The same view has been reiterated in a judgement of a Division Bench of this Court in IPCA Laboratories Ltd. vs. Gajanand Meena, (2001) 251 ITR 416 where Honourable Mr. Justice S.H. Kapadia (as the Learned Judge then was), speaking for a Division Bench held thus:
“The position of law after 1 st April, 1989, is not in dispute. By virtue of a proviso to s.147, no action can be taken for reopening after four years unless the AO has reason to believe that income has escaped assessment by reason of the failure on the part of the assessee to disclose fully and truly all material facts necessary for assessment. In the present case, the affidavit and the reasons disclosed indicate that the Department has purported to reopen the assessment only on the basis of change of opinion. This position is, in fact, conceded vide para 3 of the affidavit in reply dt. 13 th march, 2001. The reasons also do not spell out failure on the part of the assessee to disclose fully and truly all material facts.
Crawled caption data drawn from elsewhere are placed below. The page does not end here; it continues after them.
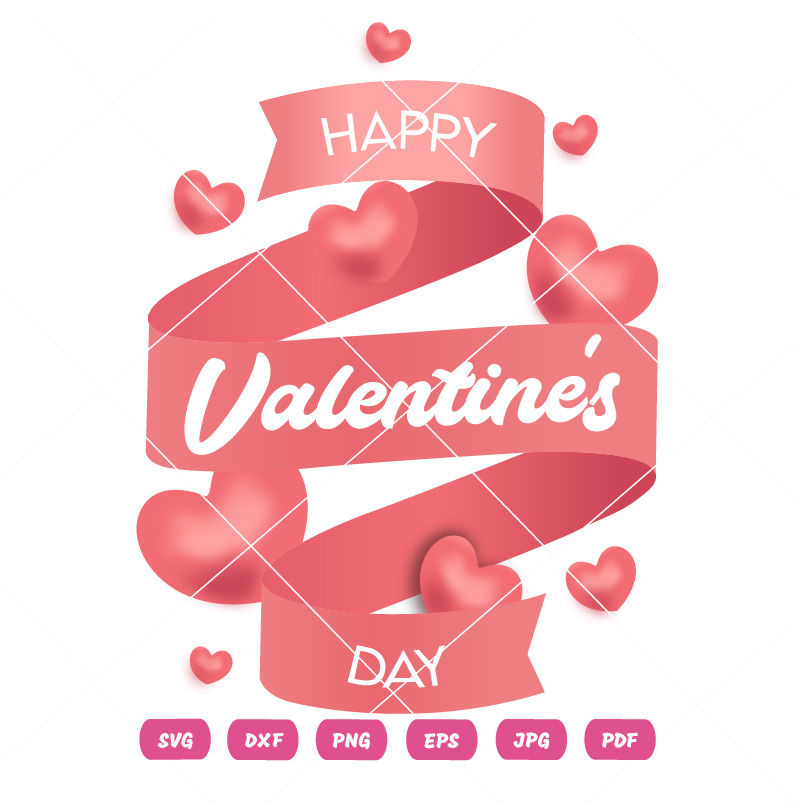 Happy Valentines Day Text With Ribbon And Heart Balloons SVG Valentines Day Vector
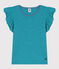 Gestreiftes Kinder-T-Shirt aus Baumwolle für Mädchen grün LAVIS/blau VERDE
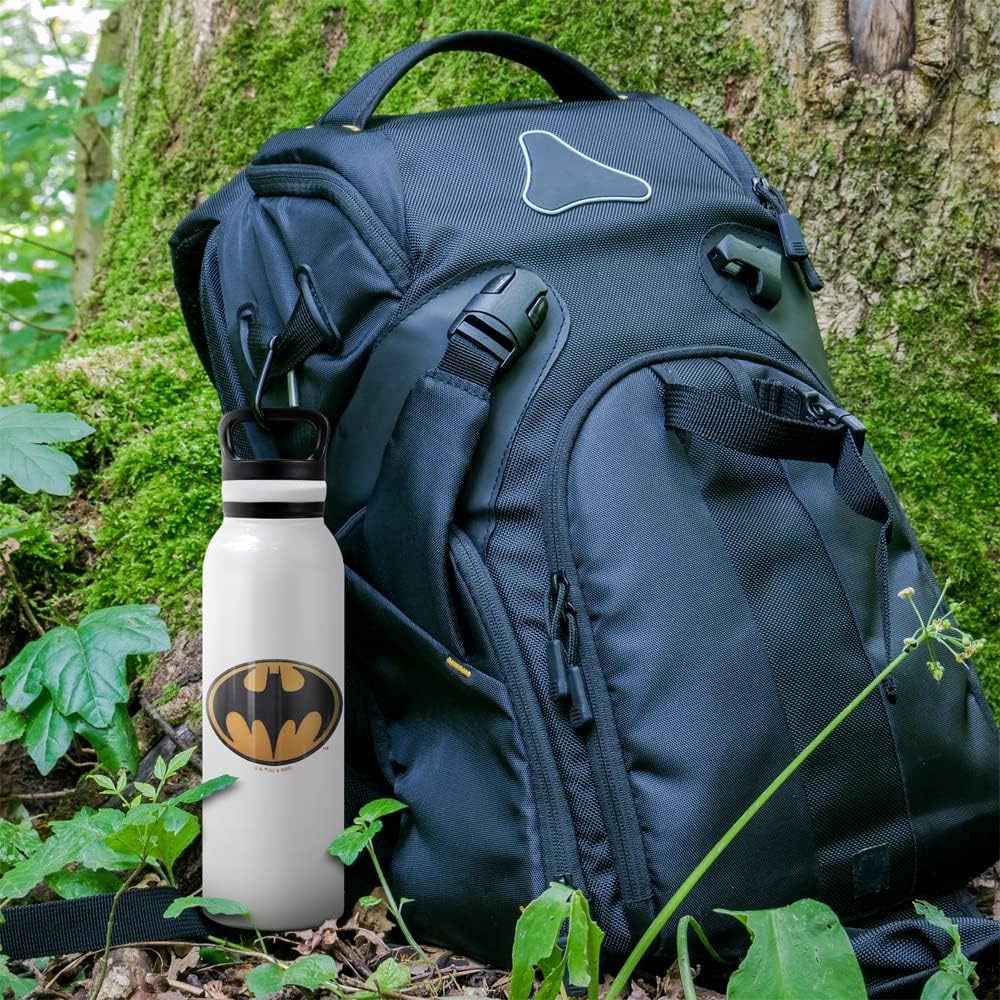 The Flash OFFICIAL Batman Logo 24 oz Insulated Canteen Water Bottle, Leak Resistant, Vacuum Insulated Stainless Steel with Loop Cap, White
We are satisfied on the facts of the present case that reopening is sought on the basis of change of opinion. Further, even in the reasons, there is nothing to indicate that reopening is sought on the ground of the failure on the part of the Petitioner to disclose fully and truly all material facts.”
11. For the reasons aforesaid, we are of the view that recourse to the power under Section 147 cannot be sustained on a mere change of opinion, there being no failure of the assessee to disclose fully and truly, all material facts necessary for assessment. The basic condition prescribed by the statute for the exercise of the power has not been fulfilled. The Petition has to be allowed.